Predicting college success is important to a lot of people for a lot of reasons. Students, obviously, want to know what they can do to be successful—it’s their future at stake. Parents want to know if their college investment is going to pay off. And last, but certainly not least, schools want to know if they are admitting students who will not only bolster their graduation rate, but who will go on to make a name for themselves . . . and by association, for the school.
Of these three groups, the schools are the ones with the resources to investigate this question—and they have. Colleges and universities conduct regular internal audits to examine which factors can predict students’ success in college. While there are a number of characteristics that can come into play, many of them are exhibited once those students are already attending college, by which time, it can be argued, it’s already too late. The ideal time to examine predictors of success is while students are still in high school. This way, students still have time to develop better habits, parents can guide students toward developing these habits, and schools can refine their admissions processes in order to admit classes of ever-more-successful college freshmen.
With that as an introduction, here is a list
- Student behavior during high school
Seems obvious, but certain student behaviors in high school can predict college success—and not the ones you might think.
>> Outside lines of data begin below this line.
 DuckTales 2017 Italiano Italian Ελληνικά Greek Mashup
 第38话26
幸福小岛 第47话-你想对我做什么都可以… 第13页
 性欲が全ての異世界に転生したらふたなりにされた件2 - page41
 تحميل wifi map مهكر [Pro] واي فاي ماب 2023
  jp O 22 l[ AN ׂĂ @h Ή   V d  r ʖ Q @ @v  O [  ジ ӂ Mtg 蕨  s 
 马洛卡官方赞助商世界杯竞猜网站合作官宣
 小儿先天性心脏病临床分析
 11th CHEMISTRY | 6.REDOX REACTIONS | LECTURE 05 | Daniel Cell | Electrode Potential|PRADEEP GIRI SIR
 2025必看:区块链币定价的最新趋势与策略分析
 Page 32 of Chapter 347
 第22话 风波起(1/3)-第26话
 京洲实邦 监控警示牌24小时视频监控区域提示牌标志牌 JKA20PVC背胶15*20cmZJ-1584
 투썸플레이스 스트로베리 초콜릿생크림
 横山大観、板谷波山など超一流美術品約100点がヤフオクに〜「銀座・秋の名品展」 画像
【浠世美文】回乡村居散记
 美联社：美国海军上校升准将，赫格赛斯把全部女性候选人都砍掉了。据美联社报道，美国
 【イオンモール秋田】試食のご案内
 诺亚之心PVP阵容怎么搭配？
According to a joint 2015 report from the USDE, IES, and NCEE, these two behaviors were predictors of college success:
- Fewer high school absences
- Taking the SAT or ACT (regardless of score)
So students, take heed: high school attendance matters, and whether or not your colleges of interest require a standardized test score, you should probably take a shot at it anyway!
- High School GPA
This next predictor of college success is probably a given in most people’s minds: high school GPA. According to a 2016 report from NACAC, which surveyed 400 colleges and universities high school GPA was the most important predictor of college performance—that is, high school and college grade point averages were closely correlated. (One school’s report showed correlations of .63 and .71.)
Good students are good students, case closed.
- Family Income
The third predictor comes maybe not so much as a surprise, but as a disappointment. Based on a 2015 report from the Pell Institute, household income was the most important indicator of whether or not a student will graduate from college. (More than 75% of students from high-income households graduated in 2013, compared to less than 10% of students from low-income households.)
This is extremely unfortunate, since it is a factor that is entirely outside of the student’s control. However, the (marginally) good news is that this finding ought to lead to more discussions about solving economic equality at large, which will solve more than just the education gap.